The relationship between self-reported quality of life and disability and disease severity was evaluated in subjects with treatment-failure gout (n = 110) in a prospective, 52-week, observational study.


Subjects had symptomatic crystal-proven gout of at least 2 years' duration and intolerance or refractoriness to conventional urate-lowering therapy. Serum uric acid (sUA) concentration, swollen and tender joint counts, frequency and severity of gout flares, tophus assessments, comorbidities, and patient-reported outcomes data [Medical Outcomes Study Short Form-36 (SF-36), Health Assessment Questionnaire-Damage Index] were collected. Analyses included correlations of patient-reported outcomes with clinical variables and changes in clinical status.
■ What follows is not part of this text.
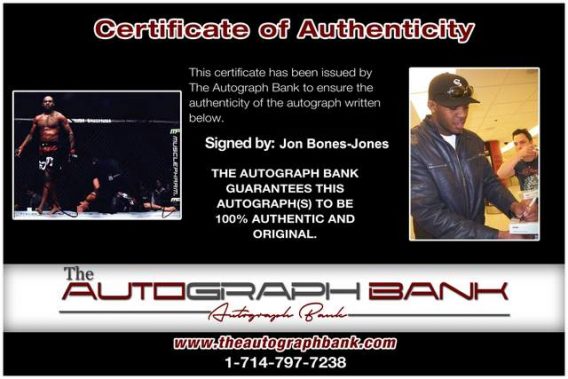Jon Bones Jones Certificate of Authenticity from The Autograph Bank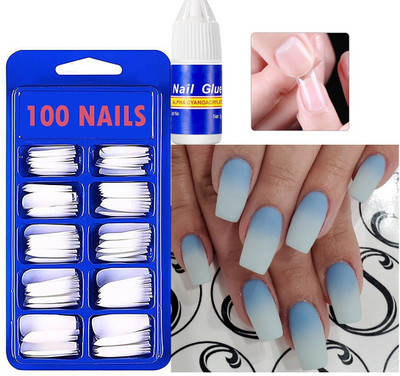 WECHARMERZ 100pcs Artificial Reusable Nails Set With 1 Nail Glue White(Pack of 101)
Mean age of study subjects was 59 years. Mean scores on SF-36 physical functioning subscales were 34.2-46.8, analogous to persons aged >or= 75 years in the general population. Subjects with more severe gout at baseline had worse health-related quality of life (HRQOL) in all areas (p < 0.02 for all measures), compared to patients with mild-moderate disease. Number of flares reported in past year, number of tender joints, swollen joints, and tophi correlated significantly with some or all HRQOL and disability measures. sUA was not significantly correlated with any HRQOL or disability measure. Subjects with comorbidities experienced worse physical, but not mental, functioning.


Severe gout is associated with poor HRQOL and disability, especially for patients who experience more gout flares and have a greater number of involved joints. Subject perceptions of gout-related functioning and pain severity appear to be highly sensitive indicators of HRQOL and disability.